[Work required] Only one stretch of the data is wanted: the line containing "retiro_brasil_25l_009", the line containing "asuka_20210605222657", and every line between them, copied exactly.

=== Begin Enclosure ===

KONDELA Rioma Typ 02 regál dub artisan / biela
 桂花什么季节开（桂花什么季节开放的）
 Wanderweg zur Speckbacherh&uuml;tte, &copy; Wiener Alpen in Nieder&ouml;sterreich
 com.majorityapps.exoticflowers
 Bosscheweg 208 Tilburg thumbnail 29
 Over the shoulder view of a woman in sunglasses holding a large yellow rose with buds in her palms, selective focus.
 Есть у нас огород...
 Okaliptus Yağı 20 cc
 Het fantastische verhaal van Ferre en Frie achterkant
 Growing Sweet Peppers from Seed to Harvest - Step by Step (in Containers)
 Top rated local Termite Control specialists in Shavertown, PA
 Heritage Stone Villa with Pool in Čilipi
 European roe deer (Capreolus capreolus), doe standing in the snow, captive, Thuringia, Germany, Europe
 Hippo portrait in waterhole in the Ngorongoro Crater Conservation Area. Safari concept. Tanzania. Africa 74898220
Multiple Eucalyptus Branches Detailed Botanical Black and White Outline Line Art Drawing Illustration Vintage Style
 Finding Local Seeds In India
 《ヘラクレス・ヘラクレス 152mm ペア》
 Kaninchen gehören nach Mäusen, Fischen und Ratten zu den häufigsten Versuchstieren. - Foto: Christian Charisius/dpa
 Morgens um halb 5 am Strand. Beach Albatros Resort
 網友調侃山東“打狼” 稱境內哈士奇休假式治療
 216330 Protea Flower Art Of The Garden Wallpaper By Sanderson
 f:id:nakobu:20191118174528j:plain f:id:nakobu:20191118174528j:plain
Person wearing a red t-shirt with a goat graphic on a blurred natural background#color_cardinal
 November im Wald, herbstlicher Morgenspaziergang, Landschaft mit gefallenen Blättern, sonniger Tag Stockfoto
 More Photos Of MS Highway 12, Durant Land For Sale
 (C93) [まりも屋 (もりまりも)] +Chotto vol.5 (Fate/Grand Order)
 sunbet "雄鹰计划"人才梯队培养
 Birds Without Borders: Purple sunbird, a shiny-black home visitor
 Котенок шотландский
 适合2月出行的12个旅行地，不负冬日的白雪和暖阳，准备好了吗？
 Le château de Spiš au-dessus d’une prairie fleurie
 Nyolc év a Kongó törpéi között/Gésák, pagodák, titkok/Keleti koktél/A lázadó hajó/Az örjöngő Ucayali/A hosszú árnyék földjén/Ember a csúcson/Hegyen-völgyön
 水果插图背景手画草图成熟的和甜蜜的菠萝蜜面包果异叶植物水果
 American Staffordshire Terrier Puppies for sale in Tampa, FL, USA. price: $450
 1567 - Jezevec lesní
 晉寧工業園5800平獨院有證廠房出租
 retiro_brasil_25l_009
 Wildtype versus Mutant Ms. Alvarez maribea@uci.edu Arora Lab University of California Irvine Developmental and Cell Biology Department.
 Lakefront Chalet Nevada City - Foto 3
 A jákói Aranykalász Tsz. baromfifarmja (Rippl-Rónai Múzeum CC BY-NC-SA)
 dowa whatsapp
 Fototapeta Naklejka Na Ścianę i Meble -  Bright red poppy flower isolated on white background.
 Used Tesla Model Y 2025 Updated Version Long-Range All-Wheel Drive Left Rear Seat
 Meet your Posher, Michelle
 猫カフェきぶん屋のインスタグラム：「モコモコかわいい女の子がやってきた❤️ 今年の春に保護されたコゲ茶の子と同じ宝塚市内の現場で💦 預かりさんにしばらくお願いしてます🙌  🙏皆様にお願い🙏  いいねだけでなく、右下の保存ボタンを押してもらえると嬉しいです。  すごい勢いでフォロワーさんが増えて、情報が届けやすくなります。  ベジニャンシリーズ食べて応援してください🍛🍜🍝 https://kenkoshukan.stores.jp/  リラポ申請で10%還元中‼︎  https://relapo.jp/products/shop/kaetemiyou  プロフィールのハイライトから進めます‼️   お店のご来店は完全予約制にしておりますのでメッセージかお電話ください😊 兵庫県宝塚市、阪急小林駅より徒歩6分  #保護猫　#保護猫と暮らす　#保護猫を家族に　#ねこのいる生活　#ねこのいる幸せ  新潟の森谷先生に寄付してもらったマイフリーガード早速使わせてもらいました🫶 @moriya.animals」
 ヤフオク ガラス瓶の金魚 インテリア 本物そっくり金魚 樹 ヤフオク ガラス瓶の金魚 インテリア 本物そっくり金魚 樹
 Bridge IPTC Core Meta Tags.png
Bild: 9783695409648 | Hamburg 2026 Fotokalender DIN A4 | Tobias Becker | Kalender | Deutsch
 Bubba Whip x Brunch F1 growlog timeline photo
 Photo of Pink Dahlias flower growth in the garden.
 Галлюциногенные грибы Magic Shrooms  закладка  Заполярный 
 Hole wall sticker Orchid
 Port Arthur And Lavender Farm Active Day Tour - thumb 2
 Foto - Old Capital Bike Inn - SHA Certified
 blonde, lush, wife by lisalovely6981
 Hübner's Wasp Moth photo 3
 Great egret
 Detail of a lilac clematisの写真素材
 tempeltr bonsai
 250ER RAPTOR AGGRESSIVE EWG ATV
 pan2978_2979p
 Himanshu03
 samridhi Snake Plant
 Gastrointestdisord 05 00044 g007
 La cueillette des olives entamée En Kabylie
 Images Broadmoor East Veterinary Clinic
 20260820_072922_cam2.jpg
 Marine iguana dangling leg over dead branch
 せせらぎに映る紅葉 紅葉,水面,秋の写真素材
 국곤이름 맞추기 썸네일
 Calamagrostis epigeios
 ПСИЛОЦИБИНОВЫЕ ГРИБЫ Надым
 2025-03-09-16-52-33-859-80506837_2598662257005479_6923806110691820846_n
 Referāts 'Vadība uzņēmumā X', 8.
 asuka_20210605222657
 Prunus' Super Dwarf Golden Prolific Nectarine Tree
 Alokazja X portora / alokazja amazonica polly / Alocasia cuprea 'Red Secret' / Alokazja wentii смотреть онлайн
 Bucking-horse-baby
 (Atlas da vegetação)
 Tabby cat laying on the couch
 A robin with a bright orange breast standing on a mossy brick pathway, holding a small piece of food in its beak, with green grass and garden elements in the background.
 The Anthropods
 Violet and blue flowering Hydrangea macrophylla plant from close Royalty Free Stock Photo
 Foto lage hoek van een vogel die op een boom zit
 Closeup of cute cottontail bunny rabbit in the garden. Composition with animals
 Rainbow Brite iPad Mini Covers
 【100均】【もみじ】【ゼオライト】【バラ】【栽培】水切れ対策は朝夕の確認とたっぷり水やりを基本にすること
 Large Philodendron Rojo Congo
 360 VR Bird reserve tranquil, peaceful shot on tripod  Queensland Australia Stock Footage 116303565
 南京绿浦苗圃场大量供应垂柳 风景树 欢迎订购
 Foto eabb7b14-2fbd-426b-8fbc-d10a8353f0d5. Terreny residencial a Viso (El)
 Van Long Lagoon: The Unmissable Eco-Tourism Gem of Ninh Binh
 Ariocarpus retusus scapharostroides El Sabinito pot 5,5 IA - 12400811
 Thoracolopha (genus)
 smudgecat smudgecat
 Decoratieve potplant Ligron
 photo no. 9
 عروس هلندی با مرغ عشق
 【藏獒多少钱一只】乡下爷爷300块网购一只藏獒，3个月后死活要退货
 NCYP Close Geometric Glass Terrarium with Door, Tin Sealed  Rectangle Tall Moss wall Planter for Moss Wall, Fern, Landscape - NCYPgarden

=== End Enclosure ===

[Result]
 retiro_brasil_25l_009
 Wildtype versus Mutant Ms. Alvarez maribea@uci.edu Arora Lab University of California Irvine Developmental and Cell Biology Department.
 Lakefront Chalet Nevada City - Foto 3
 A jákói Aranykalász Tsz. baromfifarmja (Rippl-Rónai Múzeum CC BY-NC-SA)
 dowa whatsapp
 Fototapeta Naklejka Na Ścianę i Meble -  Bright red poppy flower isolated on white background.
 Used Tesla Model Y 2025 Updated Version Long-Range All-Wheel Drive Left Rear Seat
 Meet your Posher, Michelle
 猫カフェきぶん屋のインスタグラム：「モコモコかわいい女の子がやってきた❤️ 今年の春に保護されたコゲ茶の子と同じ宝塚市内の現場で💦 預かりさんにしばらくお願いしてます🙌  🙏皆様にお願い🙏  いいねだけでなく、右下の保存ボタンを押してもらえると嬉しいです。  すごい勢いでフォロワーさんが増えて、情報が届けやすくなります。  ベジニャンシリーズ食べて応援してください🍛🍜🍝 https://kenkoshukan.stores.jp/  リラポ申請で10%還元中‼︎  https://relapo.jp/products/shop/kaetemiyou  プロフィールのハイライトから進めます‼️   お店のご来店は完全予約制にしておりますのでメッセージかお電話ください😊 兵庫県宝塚市、阪急小林駅より徒歩6分  #保護猫　#保護猫と暮らす　#保護猫を家族に　#ねこのいる生活　#ねこのいる幸せ  新潟の森谷先生に寄付してもらったマイフリーガード早速使わせてもらいました🫶 @moriya.animals」
 ヤフオク ガラス瓶の金魚 インテリア 本物そっくり金魚 樹 ヤフオク ガラス瓶の金魚 インテリア 本物そっくり金魚 樹
 Bridge IPTC Core Meta Tags.png
Bild: 9783695409648 | Hamburg 2026 Fotokalender DIN A4 | Tobias Becker | Kalender | Deutsch
 Bubba Whip x Brunch F1 growlog timeline photo
 Photo of Pink Dahlias flower growth in the garden.
 Галлюциногенные грибы Magic Shrooms  закладка  Заполярный 
 Hole wall sticker Orchid
 Port Arthur And Lavender Farm Active Day Tour - thumb 2
 Foto - Old Capital Bike Inn - SHA Certified
 blonde, lush, wife by lisalovely6981
 Hübner's Wasp Moth photo 3
 Great egret
 Detail of a lilac clematisの写真素材
 tempeltr bonsai
 250ER RAPTOR AGGRESSIVE EWG ATV
 pan2978_2979p
 Himanshu03
 samridhi Snake Plant
 Gastrointestdisord 05 00044 g007
 La cueillette des olives entamée En Kabylie
 Images Broadmoor East Veterinary Clinic
 20260820_072922_cam2.jpg
 Marine iguana dangling leg over dead branch
 せせらぎに映る紅葉 紅葉,水面,秋の写真素材
 국곤이름 맞추기 썸네일
 Calamagrostis epigeios
 ПСИЛОЦИБИНОВЫЕ ГРИБЫ Надым
 2025-03-09-16-52-33-859-80506837_2598662257005479_6923806110691820846_n
 Referāts 'Vadība uzņēmumā X', 8.
 asuka_20210605222657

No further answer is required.